(Crawled caption data)
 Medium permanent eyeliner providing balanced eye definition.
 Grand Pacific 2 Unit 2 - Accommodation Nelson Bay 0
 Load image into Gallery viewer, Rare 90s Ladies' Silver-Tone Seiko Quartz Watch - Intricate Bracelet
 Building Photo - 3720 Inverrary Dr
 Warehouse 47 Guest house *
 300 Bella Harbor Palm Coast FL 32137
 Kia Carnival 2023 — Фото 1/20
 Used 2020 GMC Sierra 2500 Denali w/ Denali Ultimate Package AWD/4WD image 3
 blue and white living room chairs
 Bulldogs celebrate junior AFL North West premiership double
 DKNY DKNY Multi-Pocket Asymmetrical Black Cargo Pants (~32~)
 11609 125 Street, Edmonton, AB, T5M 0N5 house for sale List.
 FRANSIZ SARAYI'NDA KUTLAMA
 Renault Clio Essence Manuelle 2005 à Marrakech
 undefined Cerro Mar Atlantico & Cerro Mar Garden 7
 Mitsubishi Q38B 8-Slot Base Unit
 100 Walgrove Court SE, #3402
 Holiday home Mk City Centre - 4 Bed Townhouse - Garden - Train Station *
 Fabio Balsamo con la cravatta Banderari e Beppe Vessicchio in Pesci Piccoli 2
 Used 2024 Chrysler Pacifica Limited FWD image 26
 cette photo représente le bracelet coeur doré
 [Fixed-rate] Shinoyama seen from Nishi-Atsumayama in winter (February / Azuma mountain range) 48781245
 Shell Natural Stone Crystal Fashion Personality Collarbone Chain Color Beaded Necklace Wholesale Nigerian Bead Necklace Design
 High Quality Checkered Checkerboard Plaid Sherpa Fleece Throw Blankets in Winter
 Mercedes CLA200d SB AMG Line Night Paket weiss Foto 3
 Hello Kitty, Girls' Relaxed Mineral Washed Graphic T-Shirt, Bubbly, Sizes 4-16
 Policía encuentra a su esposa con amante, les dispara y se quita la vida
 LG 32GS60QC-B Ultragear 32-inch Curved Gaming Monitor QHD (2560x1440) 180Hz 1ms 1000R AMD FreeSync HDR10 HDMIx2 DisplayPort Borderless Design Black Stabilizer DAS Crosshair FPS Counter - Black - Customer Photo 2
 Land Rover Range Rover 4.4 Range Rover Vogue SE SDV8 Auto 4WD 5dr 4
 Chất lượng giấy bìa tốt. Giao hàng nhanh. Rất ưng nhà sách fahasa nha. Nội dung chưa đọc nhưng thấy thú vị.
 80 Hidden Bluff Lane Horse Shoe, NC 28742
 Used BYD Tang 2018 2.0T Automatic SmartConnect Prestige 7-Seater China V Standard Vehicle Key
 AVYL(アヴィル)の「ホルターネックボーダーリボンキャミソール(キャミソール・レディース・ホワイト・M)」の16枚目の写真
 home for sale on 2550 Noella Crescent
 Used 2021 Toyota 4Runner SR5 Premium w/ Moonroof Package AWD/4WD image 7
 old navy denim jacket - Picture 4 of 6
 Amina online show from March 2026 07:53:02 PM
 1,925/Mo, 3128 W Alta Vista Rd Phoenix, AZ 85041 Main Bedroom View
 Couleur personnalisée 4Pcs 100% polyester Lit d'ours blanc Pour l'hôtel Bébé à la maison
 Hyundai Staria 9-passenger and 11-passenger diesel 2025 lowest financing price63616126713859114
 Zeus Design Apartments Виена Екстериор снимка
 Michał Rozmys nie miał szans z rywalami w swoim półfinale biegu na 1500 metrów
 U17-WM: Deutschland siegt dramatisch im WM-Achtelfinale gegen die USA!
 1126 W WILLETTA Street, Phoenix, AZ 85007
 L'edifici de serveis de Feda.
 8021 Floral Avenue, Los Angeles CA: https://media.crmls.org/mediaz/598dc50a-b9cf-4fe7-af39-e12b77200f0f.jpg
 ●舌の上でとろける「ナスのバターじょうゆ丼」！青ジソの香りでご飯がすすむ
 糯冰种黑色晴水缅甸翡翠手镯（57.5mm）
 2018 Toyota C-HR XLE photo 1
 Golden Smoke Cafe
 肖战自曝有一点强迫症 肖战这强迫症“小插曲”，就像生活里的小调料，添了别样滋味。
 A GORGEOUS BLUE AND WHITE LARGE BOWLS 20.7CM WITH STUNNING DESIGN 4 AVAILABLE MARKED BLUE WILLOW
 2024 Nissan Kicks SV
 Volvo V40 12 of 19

■ **Task description**: Each entry above should be written again exactly.

■ **Response area**:
 Medium permanent eyeliner providing balanced eye definition.
 Grand Pacific 2 Unit 2 - Accommodation Nelson Bay 0
 Load image into Gallery viewer, Rare 90s Ladies' Silver-Tone Seiko Quartz Watch - Intricate Bracelet
 Building Photo - 3720 Inverrary Dr
 Warehouse 47 Guest house *
 300 Bella Harbor Palm Coast FL 32137
 Kia Carnival 2023 — Фото 1/20
 Used 2020 GMC Sierra 2500 Denali w/ Denali Ultimate Package AWD/4WD image 3
 blue and white living room chairs
 Bulldogs celebrate junior AFL North West premiership double
 DKNY DKNY Multi-Pocket Asymmetrical Black Cargo Pants (~32~)
 11609 125 Street, Edmonton, AB, T5M 0N5 house for sale List.
 FRANSIZ SARAYI'NDA KUTLAMA
 Renault Clio Essence Manuelle 2005 à Marrakech
 undefined Cerro Mar Atlantico & Cerro Mar Garden 7
 Mitsubishi Q38B 8-Slot Base Unit
 100 Walgrove Court SE, #3402
 Holiday home Mk City Centre - 4 Bed Townhouse - Garden - Train Station *
 Fabio Balsamo con la cravatta Banderari e Beppe Vessicchio in Pesci Piccoli 2
 Used 2024 Chrysler Pacifica Limited FWD image 26
 cette photo représente le bracelet coeur doré
 [Fixed-rate] Shinoyama seen from Nishi-Atsumayama in winter (February / Azuma mountain range) 48781245
 Shell Natural Stone Crystal Fashion Personality Collarbone Chain Color Beaded Necklace Wholesale Nigerian Bead Necklace Design
 High Quality Checkered Checkerboard Plaid Sherpa Fleece Throw Blankets in Winter
 Mercedes CLA200d SB AMG Line Night Paket weiss Foto 3
 Hello Kitty, Girls' Relaxed Mineral Washed Graphic T-Shirt, Bubbly, Sizes 4-16
 Policía encuentra a su esposa con amante, les dispara y se quita la vida
 LG 32GS60QC-B Ultragear 32-inch Curved Gaming Monitor QHD (2560x1440) 180Hz 1ms 1000R AMD FreeSync HDR10 HDMIx2 DisplayPort Borderless Design Black Stabilizer DAS Crosshair FPS Counter - Black - Customer Photo 2
 Land Rover Range Rover 4.4 Range Rover Vogue SE SDV8 Auto 4WD 5dr 4
 Chất lượng giấy bìa tốt. Giao hàng nhanh. Rất ưng nhà sách fahasa nha. Nội dung chưa đọc nhưng thấy thú vị.
 80 Hidden Bluff Lane Horse Shoe, NC 28742
 Used BYD Tang 2018 2.0T Automatic SmartConnect Prestige 7-Seater China V Standard Vehicle Key
 AVYL(アヴィル)の「ホルターネックボーダーリボンキャミソール(キャミソール・レディース・ホワイト・M)」の16枚目の写真
 home for sale on 2550 Noella Crescent
 Used 2021 Toyota 4Runner SR5 Premium w/ Moonroof Package AWD/4WD image 7
 old navy denim jacket - Picture 4 of 6
 Amina online show from March 2026 07:53:02 PM
 1,925/Mo, 3128 W Alta Vista Rd Phoenix, AZ 85041 Main Bedroom View
 Couleur personnalisée 4Pcs 100% polyester Lit d'ours blanc Pour l'hôtel Bébé à la maison
 Hyundai Staria 9-passenger and 11-passenger diesel 2025 lowest financing price63616126713859114
 Zeus Design Apartments Виена Екстериор снимка
 Michał Rozmys nie miał szans z rywalami w swoim półfinale biegu na 1500 metrów
 U17-WM: Deutschland siegt dramatisch im WM-Achtelfinale gegen die USA!
 1126 W WILLETTA Street, Phoenix, AZ 85007
 L'edifici de serveis de Feda.
 8021 Floral Avenue, Los Angeles CA: https://media.crmls.org/mediaz/598dc50a-b9cf-4fe7-af39-e12b77200f0f.jpg
 ●舌の上でとろける「ナスのバターじょうゆ丼」！青ジソの香りでご飯がすすむ
 糯冰种黑色晴水缅甸翡翠手镯（57.5mm）
 2018 Toyota C-HR XLE photo 1
 Golden Smoke Cafe
 肖战自曝有一点强迫症 肖战这强迫症“小插曲”，就像生活里的小调料，添了别样滋味。
 A GORGEOUS BLUE AND WHITE LARGE BOWLS 20.7CM WITH STUNNING DESIGN 4 AVAILABLE MARKED BLUE WILLOW
 2024 Nissan Kicks SV
 Volvo V40 12 of 19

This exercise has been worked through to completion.